In this paper, we propose a novel text-guided approach for generating emotionally expressive 2D avatars , offering fine-grained control, improved interactivity and generalizability to the resulting video. Our framework, named InstructAvatar, leverages a natural language interface to control the emotion as well as the facial motion of avatars. We design an automatic annotation pipeline to construct an instruction-video paired training dataset, equipped with a novel two-branch diffusion-based generator to predict avatars with audio and text instructions at the same time.
Experimental results demonstrate that InstructAvatar produces results that align well with both conditions, and outperforms existing methods in fine-grained emotion control, lip-sync quality, and naturalness.
The InstructAvatar consists of two components: VAE to disentangle motion information from the video and a diffusion model based motion generator to generate the motion latent conditioned on audio and instruction. As we have two types of data, two switches in instruction and audio are designed. During inference, we iteratively denoise Gaussian noise to obtain the predicted motion latent. Together with the user-provided portrait, the resulting video is generated by the decoder of the VAE.
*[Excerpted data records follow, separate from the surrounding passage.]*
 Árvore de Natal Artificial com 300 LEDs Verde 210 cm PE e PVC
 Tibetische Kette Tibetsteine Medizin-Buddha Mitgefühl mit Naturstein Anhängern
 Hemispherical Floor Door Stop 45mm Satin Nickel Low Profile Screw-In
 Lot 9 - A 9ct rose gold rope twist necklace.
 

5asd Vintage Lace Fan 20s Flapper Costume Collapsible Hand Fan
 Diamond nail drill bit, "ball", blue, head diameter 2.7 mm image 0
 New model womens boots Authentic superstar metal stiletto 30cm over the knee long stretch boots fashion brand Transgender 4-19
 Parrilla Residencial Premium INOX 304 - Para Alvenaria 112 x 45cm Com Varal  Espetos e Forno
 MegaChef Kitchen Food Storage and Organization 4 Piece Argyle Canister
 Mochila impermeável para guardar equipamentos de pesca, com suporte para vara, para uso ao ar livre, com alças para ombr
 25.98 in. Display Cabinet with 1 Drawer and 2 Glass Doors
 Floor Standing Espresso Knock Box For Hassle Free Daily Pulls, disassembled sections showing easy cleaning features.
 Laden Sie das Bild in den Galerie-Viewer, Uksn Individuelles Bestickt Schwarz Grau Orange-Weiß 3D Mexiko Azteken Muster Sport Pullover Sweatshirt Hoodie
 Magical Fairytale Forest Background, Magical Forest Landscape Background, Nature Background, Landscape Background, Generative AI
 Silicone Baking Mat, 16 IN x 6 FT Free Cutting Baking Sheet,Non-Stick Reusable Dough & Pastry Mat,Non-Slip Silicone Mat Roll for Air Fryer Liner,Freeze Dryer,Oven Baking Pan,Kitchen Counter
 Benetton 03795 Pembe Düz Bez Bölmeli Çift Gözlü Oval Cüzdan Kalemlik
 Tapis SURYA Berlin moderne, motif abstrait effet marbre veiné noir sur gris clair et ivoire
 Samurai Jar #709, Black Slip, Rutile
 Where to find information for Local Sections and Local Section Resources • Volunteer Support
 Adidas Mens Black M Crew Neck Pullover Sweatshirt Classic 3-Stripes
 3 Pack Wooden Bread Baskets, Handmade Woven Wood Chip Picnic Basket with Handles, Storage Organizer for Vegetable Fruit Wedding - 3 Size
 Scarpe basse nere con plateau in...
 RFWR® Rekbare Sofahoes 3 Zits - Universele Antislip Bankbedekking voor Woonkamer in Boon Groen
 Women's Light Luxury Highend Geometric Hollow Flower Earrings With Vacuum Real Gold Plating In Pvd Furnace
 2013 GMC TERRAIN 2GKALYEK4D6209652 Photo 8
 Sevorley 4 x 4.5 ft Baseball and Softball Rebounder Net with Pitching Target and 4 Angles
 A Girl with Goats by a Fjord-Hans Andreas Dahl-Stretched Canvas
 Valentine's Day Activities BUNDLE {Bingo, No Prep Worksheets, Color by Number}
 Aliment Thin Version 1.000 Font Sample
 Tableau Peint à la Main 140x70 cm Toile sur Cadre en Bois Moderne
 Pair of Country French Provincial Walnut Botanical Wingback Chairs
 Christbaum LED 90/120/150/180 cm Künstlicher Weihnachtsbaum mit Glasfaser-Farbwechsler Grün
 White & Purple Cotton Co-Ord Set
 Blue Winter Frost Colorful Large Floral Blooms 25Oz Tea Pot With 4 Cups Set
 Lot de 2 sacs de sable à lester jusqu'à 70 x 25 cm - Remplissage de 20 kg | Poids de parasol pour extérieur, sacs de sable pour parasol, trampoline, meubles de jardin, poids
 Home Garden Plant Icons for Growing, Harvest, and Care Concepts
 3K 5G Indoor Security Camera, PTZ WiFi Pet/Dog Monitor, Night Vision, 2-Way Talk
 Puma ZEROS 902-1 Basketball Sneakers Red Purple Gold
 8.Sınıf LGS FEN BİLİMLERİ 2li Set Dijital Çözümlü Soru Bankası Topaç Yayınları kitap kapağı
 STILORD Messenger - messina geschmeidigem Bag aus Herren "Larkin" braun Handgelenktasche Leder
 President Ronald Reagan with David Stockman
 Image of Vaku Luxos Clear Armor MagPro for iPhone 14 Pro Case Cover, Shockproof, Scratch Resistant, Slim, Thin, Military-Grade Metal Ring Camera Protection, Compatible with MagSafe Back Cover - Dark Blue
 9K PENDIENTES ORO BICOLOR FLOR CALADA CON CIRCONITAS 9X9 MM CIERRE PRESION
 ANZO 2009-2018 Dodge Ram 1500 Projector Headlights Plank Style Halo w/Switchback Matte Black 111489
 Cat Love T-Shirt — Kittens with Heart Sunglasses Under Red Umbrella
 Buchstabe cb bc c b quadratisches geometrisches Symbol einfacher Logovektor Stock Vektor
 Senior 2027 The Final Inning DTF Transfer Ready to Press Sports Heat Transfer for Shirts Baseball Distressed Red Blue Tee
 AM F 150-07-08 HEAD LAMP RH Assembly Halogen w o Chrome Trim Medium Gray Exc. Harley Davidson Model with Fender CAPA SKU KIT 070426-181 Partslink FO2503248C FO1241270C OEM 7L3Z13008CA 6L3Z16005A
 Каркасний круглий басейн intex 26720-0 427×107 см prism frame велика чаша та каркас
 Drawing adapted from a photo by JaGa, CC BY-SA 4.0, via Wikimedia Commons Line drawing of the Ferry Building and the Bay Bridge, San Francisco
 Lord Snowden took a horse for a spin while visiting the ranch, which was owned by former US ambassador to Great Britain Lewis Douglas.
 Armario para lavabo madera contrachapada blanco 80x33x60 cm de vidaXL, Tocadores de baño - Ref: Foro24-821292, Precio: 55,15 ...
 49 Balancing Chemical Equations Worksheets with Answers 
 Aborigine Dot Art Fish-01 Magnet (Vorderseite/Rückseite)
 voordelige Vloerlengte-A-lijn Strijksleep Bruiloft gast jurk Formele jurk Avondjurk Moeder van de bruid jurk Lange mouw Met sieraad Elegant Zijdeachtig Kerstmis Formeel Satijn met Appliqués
Qualitative comparison with baselines. It shows that InstructAvatar achieves well lip-sync quality and emotion controllability. Additionally, the outputs generated by our model exhibit enhanced naturalness and effectively preserve identity characteristics. It's also worth mentioning that our model infers talking emotion solely based on text inputs, which intuitively poses a more challenging task. Additionally, our model supports a broader scope of instructions beyond high-level emotion types, which is absent for most baselines.
Additional outcomes concerning text-guided emotional talking control are presented above. We can see that our model exhibits precise emotion control ability, with the generated results appearing natural. Furthermore, InstructAvatar supports fine-grained control and demonstrates reasonable generalization ability beyond the domain.
We show more results about facial motion control above. It is evident that InstructAvatar exhibits remarkable proficiency in following instructions and preserving identity. Furthermore, the generated results appear natural and robust with variations in the provided portrait. Moreover, our model demonstrates fine-grained control capability and performs effectively in out-of-domain scenarios.
InstructAvatar is designed to advance AI research on talking avatar generation. Responsible usage is strongly encouraged, and we discourage users from employing our model to generate intentionally deceptive content or engage in other inauthentic activities. To prevent misuse, adding watermarks is a common approach. Moreover, as a generative model, our results can be utilized to construct artificial datasets and train discriminative models.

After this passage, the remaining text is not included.